Kayla Day (Elsie Fisher) is in her final week of said year. Leading up to her graduation and transition into high school, she has a week filled with activities. Pool parties, trips to the mall. But all the while she struggles to interact with her peers and people around her thanks to severe social anxiety. However, when she is at home, she records vlogs on the subjects of self-confidence and self-image, contributing to an alternate life she leads on YouTube and Instagram. Those qualities are put to the test in several interactions over the course of five days. They include Kayla’s efforts to participate in events, get close to a love interest, and put up with the strained relationship with her father (Josh Hamilton), who continually makes effort to engage with his daughter when she’s not staring down at her phone.

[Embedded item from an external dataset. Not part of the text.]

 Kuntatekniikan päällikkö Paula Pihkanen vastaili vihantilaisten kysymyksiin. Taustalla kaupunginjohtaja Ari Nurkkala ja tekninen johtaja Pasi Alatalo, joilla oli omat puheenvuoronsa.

Eighth Grade is the directorial debut of Bo Burnham, whose screenplay is inspired by his personal struggle with anxiety. Reinforcing it is also Burnham’s past experience as a YouTuber. Given the prominence of social media and the way in which the lead character uses it, you can see that the material is coming from a very real place. And that is what the film ultimately, and successfully, is.
It is an exercise in ultra-realism. Burnham is gunning for completely realistic storytelling, and the production achieves this up to the point that it physically can. The plot is very neatly structured by Kayla’s vlogs that telegraph what kind of issue that she is facing in that given scene. Thanks to the way that Kayla films them, the vlogs themselves do not feel detached from real-world events and as a bonus, do not assume the role of propelling the story forward.

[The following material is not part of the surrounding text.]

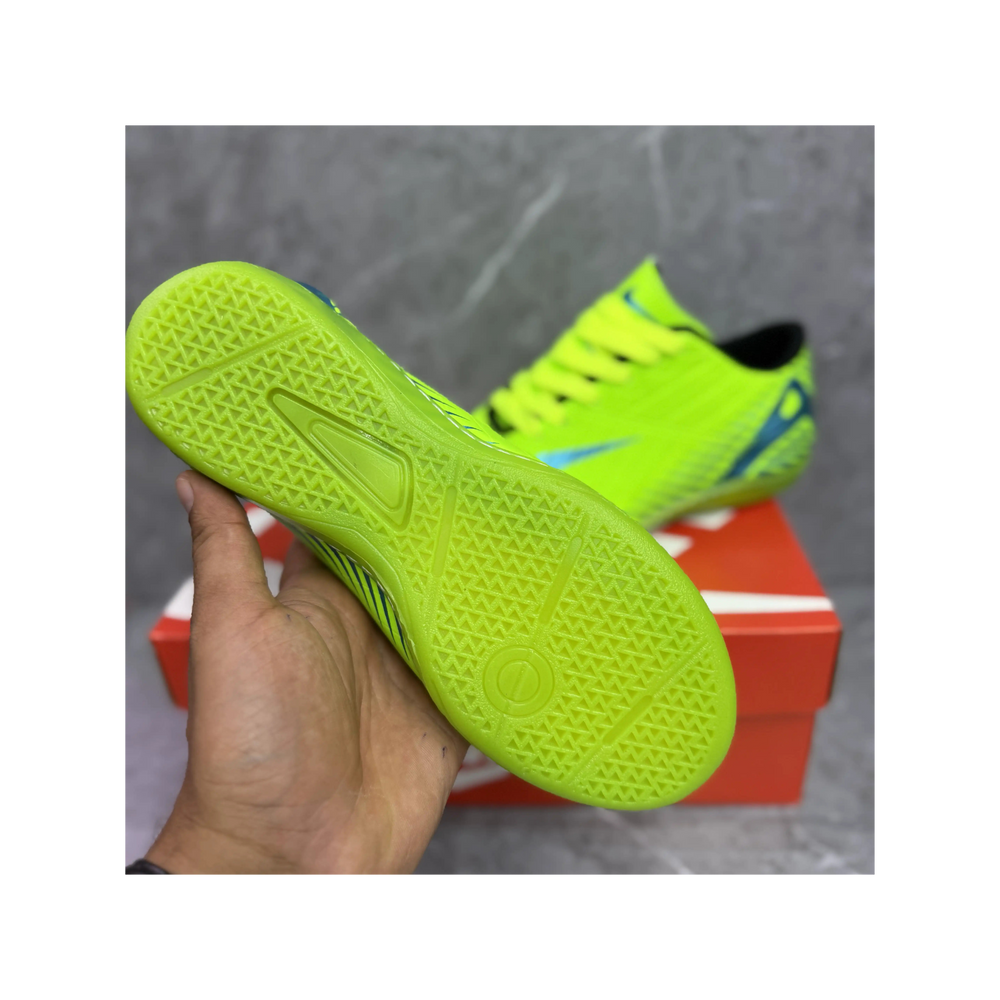 Chuteira Nike Futsal Blaqueada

That role is taken care of by Elsie Fisher. I say that this film has a plot, but really the slice-of-life narrative means that while it may have a beginning and end, the level of engagement is dependent on and lies with the life that is being focused on. Fisher’s performance is believable from start to finish. It is not necessarily compelling, but it certainly feels real. The character development is both definitive and subtle and when it comes to what thirteen-year-old Kayla is setting out to achieve, it is as clear to us as it is to her. She doesn’t have all the answers. She is terrified of what may come next and what the world expects of her. She has aspirations and believes what she says in her videos, but to live up to all of it remains a challenge.
At no point does the film act like it has the answers to any of this. By its closing, we are left but with one clear-cut message: It’s gonna be alright.
The film makes effort to explore other themes such as sexuality and the overuse of social media. Both are handled well by way of the film being careful with how much information it gives the audience. For instance, with the exception of one confirmed viewer, we do not know how many people are actually watching Kayla’s vlogs. We are also not given any detail into the absence of her mother. It does not impact this story and its outright omission means that further emphasis can be put on her and her father. It serves as the emotional core and it works thanks to Josh Hamilton’s performance and the script treating him like a real person, and not as a driver of the plot.
If there is any gripe to be had with this film, it’s that the plot can only move at a certain speed. Thanks to the slice-of-life storytelling, there are times when it drags thanks to necessary inactivity, and I started to check my watch around the beginning of the third act.
Eighth Grade is a victim of extended international release dates, arriving in South African cinemas more than a year after it first debuted. I sincerely hope that it gets a warm reception here because while it may not speak to every thirteen-year-old, it does give insight into a particular, prominent aspect of young human living. It does so via near-brilliant filmmaking on the part of Burnham, and legitimate acting by Fisher.